╭─ DATASET ENTRIES

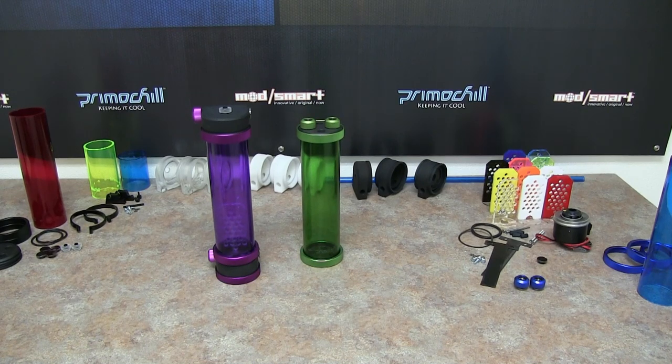Hey everybody, this is Brian at PrimoChill. Today we are going to do a video about our Phase 2 CTR Reservoirs. This is the second release of our CTR Reservoir, which is basically a compression tube reservoir.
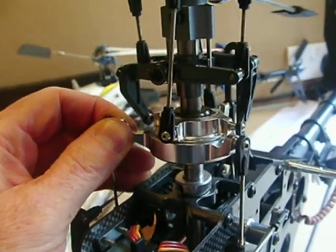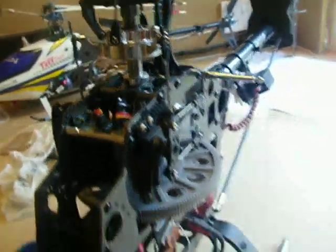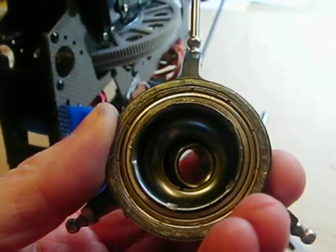No side to side movement at all, unlike the one that I have just removed, which did actually do 36 flights before I removed it — but now the top bearing is extremely loose.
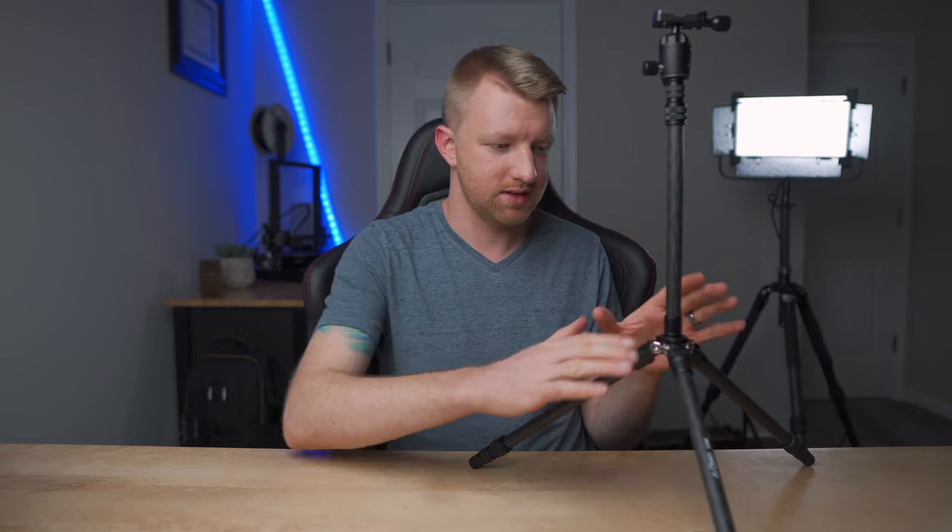I've been using this tripod for the past few weeks. The ball head — which I raved about earlier — is 10 out of 10, excellent. Even with the a6400, a mirrorless camera that's lighter than a DSLR, the ball head has been perfect with no issues. The tripod legs themselves have been excellent as well. With the legs angled out to that second stop, it's super stable — I'd have zero issues putting a slider in place of the extender column.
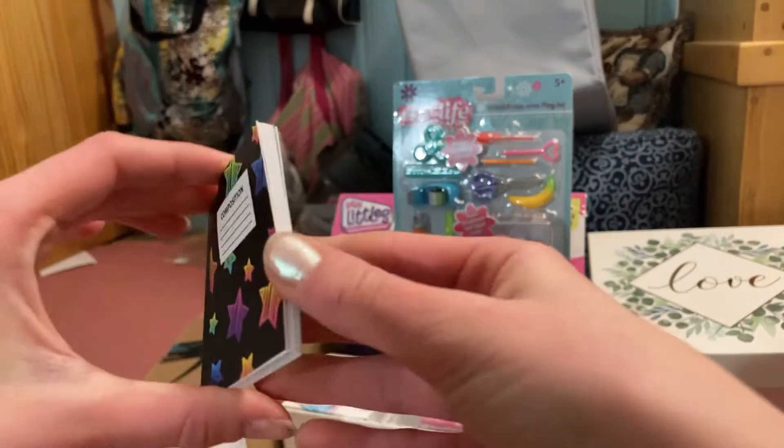Now we're going to find a doll to try the backpack on. Sorry you guys can't see me right now — I was in my little drawer trying to find some dolls. I found two: here's Barbie and Skipper. They're sort of different sizes, but we're going to see which one it fits better on.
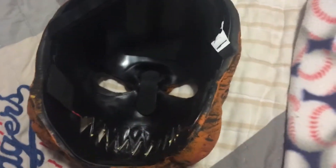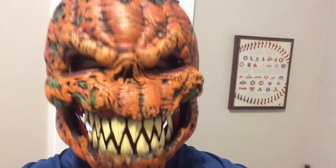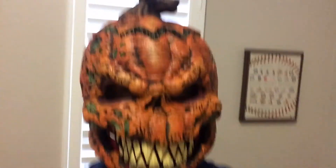This right here is the mouth, so it opens, which I'll show you here in just one second. This thing is really creepy, and you can definitely scare trick-or-treaters with it. The mouth looks really good. I'd definitely give this a 5 out of 5.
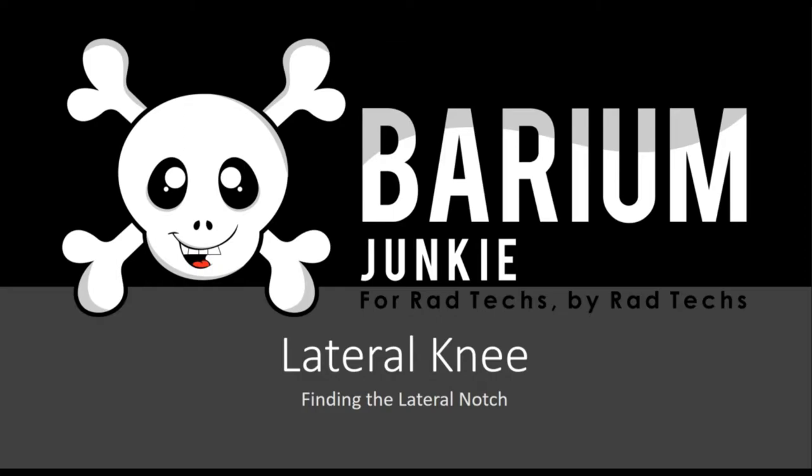Hey guys, welcome to my positioning video for lateral knees. I felt compelled to make this video because I've yet to see this little trick used in any other knee positioning or critique video, and I just wanted to get this info out there. There are some great positioning videos already out there — Jeremy Infinger puts out a good one, X-Ray EJ1 also puts out a good one. I'll link to their videos down below, so go check those out and let's get started.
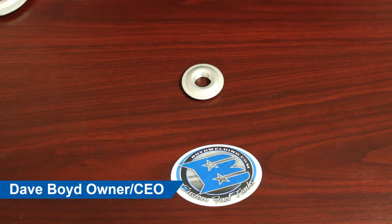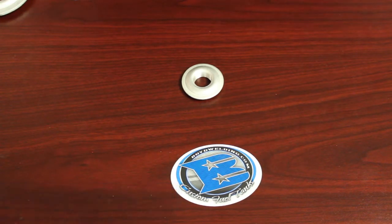In this video, we're going to go over our 1.5 inch aluminum weld-in fitting. This fitting's part number is 21004. This fitting is stamped from 6061 aluminum, threaded, and then heat treated to T6.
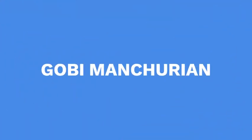Hello everyone, welcome back to my show. Today we are making Cauliflower Manchurian, or Gobi Manchurian. So let's begin.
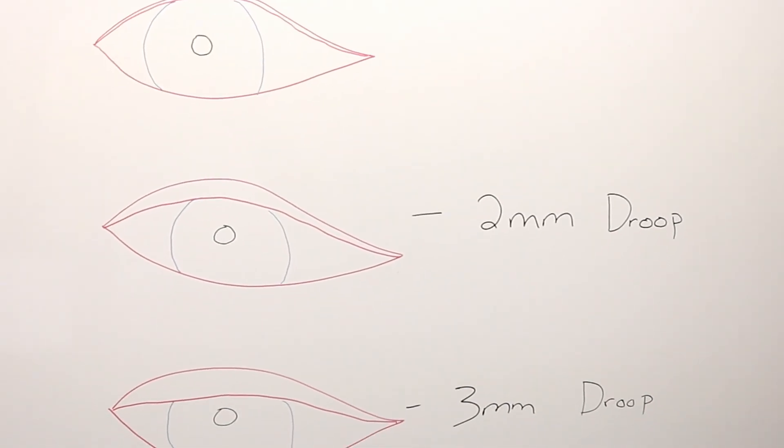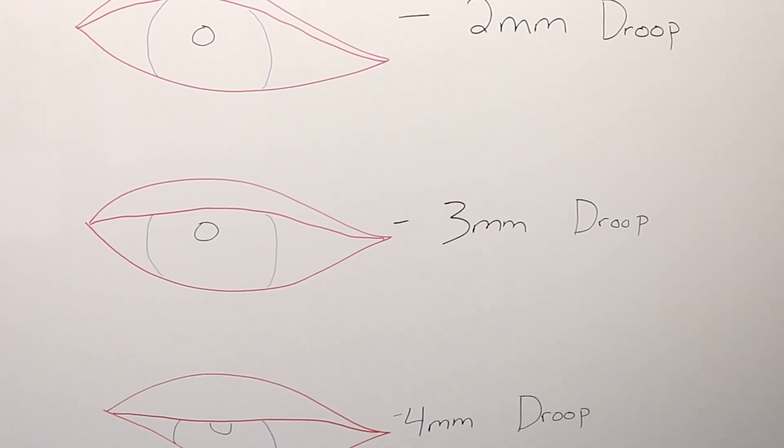Now who is this drop made for? This drop is made for people that have developed a droopy eyelid or eyelids, also known as a ptosis or blepharotosis. A ptosis is defined as a lower hanging eyelid — lower than it should be or lower than it used to be. About 11% of people over the age of 50 usually develop a ptosis or blepharotosis.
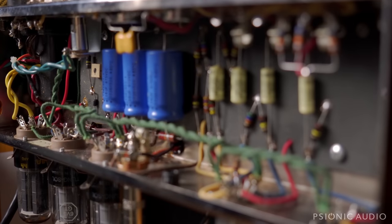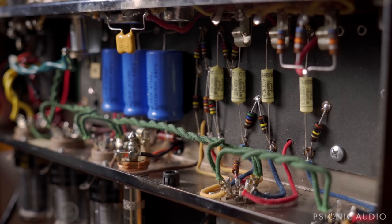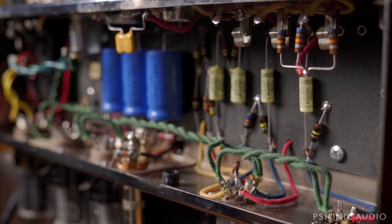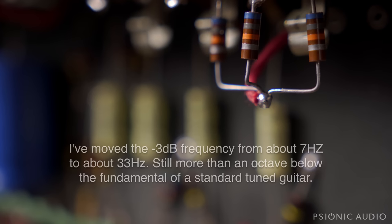Here you can see the new caps I chose. They're Synergy Royal Mustards, which look pretty. So far they sound really good. I don't know if they sound better than something else comparable, but I made a value change — it's not just a material change, so this is just about the values.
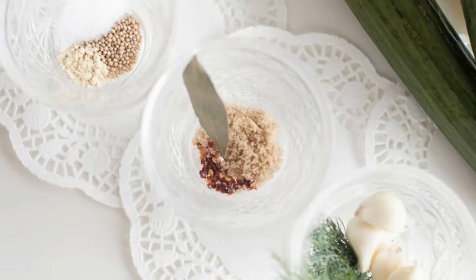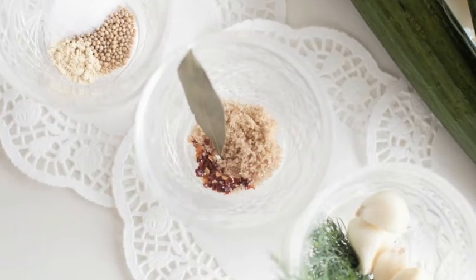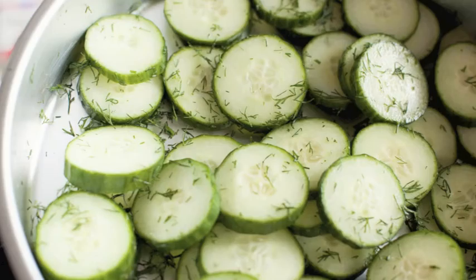Start with vinegar and add brown sugar, garlic, crushed red pepper, and mustard seed. Finish with fragrant fresh dill.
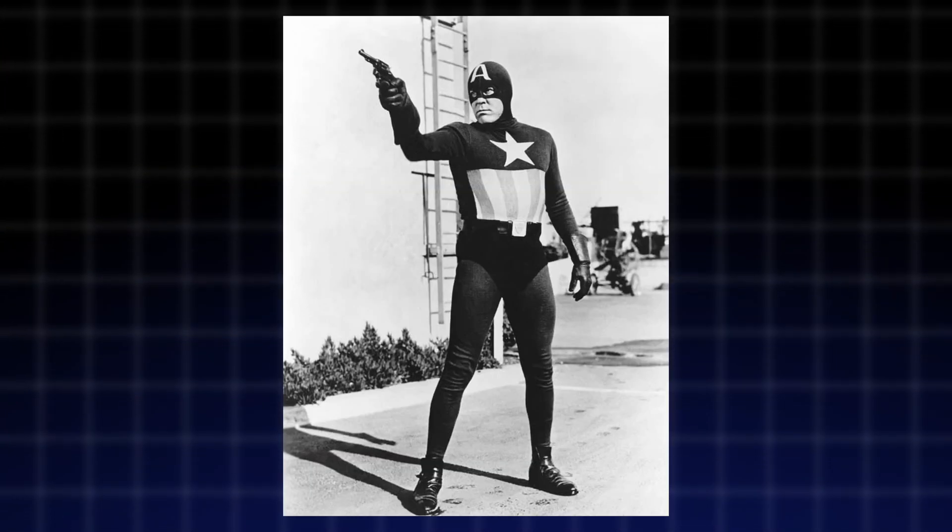In this video, I will colorize this classic Captain America photo from 1944 with just one click, so stay tuned.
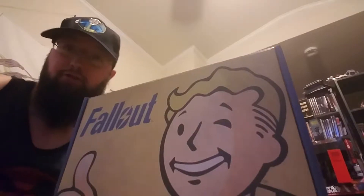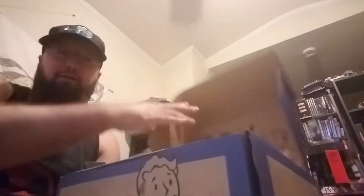Hey guys, I wanted to show you the new Fallout box that I got from Walmart. It's one of those prepackaged loot crates, but it's all specified — it says exactly what's in there. Let me show you what all we got.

╰─

• INSTRUCTIONS TO FOLLOW
In the entries above, every line from the line with "I've been using" to the line with "Now who is this" is to be printed exactly, with both ends included and pictures excluded.

• PROBLEM SOLUTION
I've been using this tripod for the past few weeks. The ball head — which I raved about earlier — is 10 out of 10, excellent. Even with the a6400, a mirrorless camera that's lighter than a DSLR, the ball head has been perfect with no issues. The tripod legs themselves have been excellent as well. With the legs angled out to that second stop, it's super stable — I'd have zero issues putting a slider in place of the extender column.
Now we're going to find a doll to try the backpack on. Sorry you guys can't see me right now — I was in my little drawer trying to find some dolls. I found two: here's Barbie and Skipper. They're sort of different sizes, but we're going to see which one it fits better on.
This right here is the mouth, so it opens, which I'll show you here in just one second. This thing is really creepy, and you can definitely scare trick-or-treaters with it. The mouth looks really good. I'd definitely give this a 5 out of 5.
Hey guys, welcome to my positioning video for lateral knees. I felt compelled to make this video because I've yet to see this little trick used in any other knee positioning or critique video, and I just wanted to get this info out there. There are some great positioning videos already out there — Jeremy Infinger puts out a good one, X-Ray EJ1 also puts out a good one. I'll link to their videos down below, so go check those out and let's get started.
In this video, we're going to go over our 1.5 inch aluminum weld-in fitting. This fitting's part number is 21004. This fitting is stamped from 6061 aluminum, threaded, and then heat treated to T6.
Hello everyone, welcome back to my show. Today we are making Cauliflower Manchurian, or Gobi Manchurian. So let's begin.
Now who is this drop made for? This drop is made for people that have developed a droopy eyelid or eyelids, also known as a ptosis or blepharotosis. A ptosis is defined as a lower hanging eyelid — lower than it should be or lower than it used to be. About 11% of people over the age of 50 usually develop a ptosis or blepharotosis.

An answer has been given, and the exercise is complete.